◆ Your objective
Print out every line of the material exactly. Include no pictures.

◆ Data provided
▼

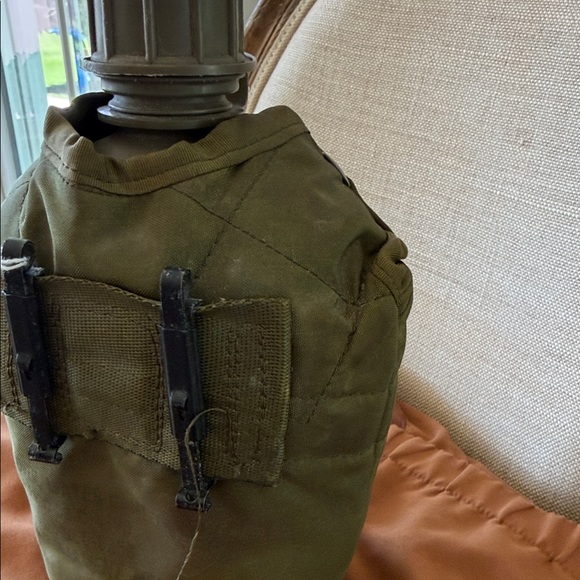 GI OD 1 Qt Canteen with 1QT Canteen Cover W/Alice Clips US Army - Picture 2 of 4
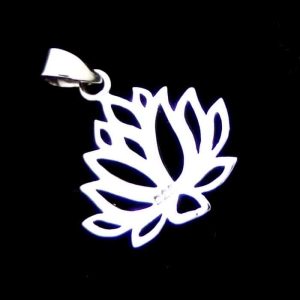 Silver lotus necklace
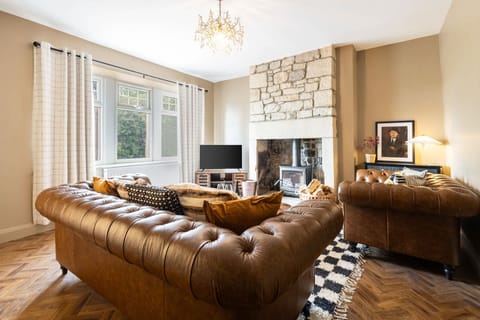 Canny Cottage, Otterburn - Host & Stay
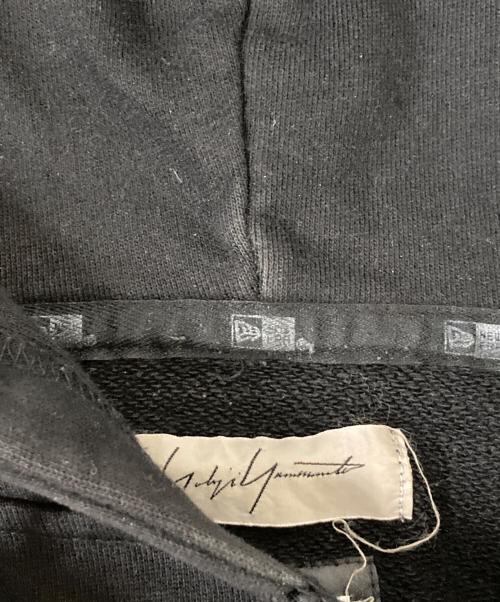 YOHJI YAMAMOTO（ヨウジヤマモト）YOHJI YAMAMOTO (ヨウジヤマモト) New Era (ニューエラ) コラボ反転ロゴパーカー ブラック サイズ:Lの古着・服飾アイテム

▲

◆ Exercise output
 GI OD 1 Qt Canteen with 1QT Canteen Cover W/Alice Clips US Army - Picture 2 of 4
 Silver lotus necklace
 Canny Cottage, Otterburn - Host & Stay
 YOHJI YAMAMOTO（ヨウジヤマモト）YOHJI YAMAMOTO (ヨウジヤマモト) New Era (ニューエラ) コラボ反転ロゴパーカー ブラック サイズ:Lの古着・服飾アイテム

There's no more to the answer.